Just had the thought that we’ve traditionally thought about neurotransmitters as the signalling mechanism between neurons as part of the neuron centric view of brain function.
How would brains look if we viewed these chemicals as control/relay agents which enabled local signalling between distinct glial populations? Does each transmitter allow system level signalling between disparate glial populations?
What would this tell us about brain function? Perhaps GABA/GLU refers to general dorsal/ventral signalling regime? This has some pretty interesting consistency with the assumed function of our valence centers (amygdala complex/habenula complex, etc) which all seem to work with this GABA/GLU balance to generate effect.
Just as importantly, it draws us back to the hypothalamus/mammillary bodies as fairly critical modifiers of behavior.
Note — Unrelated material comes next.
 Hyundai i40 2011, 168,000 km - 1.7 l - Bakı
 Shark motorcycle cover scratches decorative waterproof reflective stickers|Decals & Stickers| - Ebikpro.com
It seems possible that how neurons are connected (e.g. connectome maps) might have far less of an impact on function than overall communication efficiency between populations of glia on each distinct signal channel. Someone may have highly efficient GABA signalling, but low dopamine signalling efficiency. This would result in a specific behavioral predisposition. The efficiency would be a product of maybe astrocyte clearing/generation rate, receptor/transmitter density both glia and neurons, neuronal transmission efficiency (myelination, electrical properties), and population density.
It’s interesting that under this construct we get a more nuanced explanation for heavy synaptic pruning during post natal brain development, as preferred circuit paths are established local populations will reduce redundant connections to reduce noise (and energy use) between local groups. At least in the cerebral side, we “learn” by creating maps of observed data and pruning away the redundant. As astrocytes are responsible not only for this pruning, but the modification of spines themselves to store the data, it seems like children essentially have an open map and as we age we prune away the possible.
Going back to our “autism” map, we definitely have phenotypes which do not prune as well as phenotypes which over prune. What does this look like as far as presentation? Will need to refresh to make sure I’m remembering correctly.
I’m getting fairly certain that we can tie g to astrocytic metabolic efficiency, using metabolic efficiency as an analog for signalling efficiency. We should see an inverse relationship between energy use and g if this assumption is valid.
I have like a billion concurrent threads going on right now so I need to stop and reconcile some of them (and try not to space out too much), but abandoning the neuron centric model does provide some extremely intriguing new paths for both research and idle pondering.
What are some possibilities I’m missing?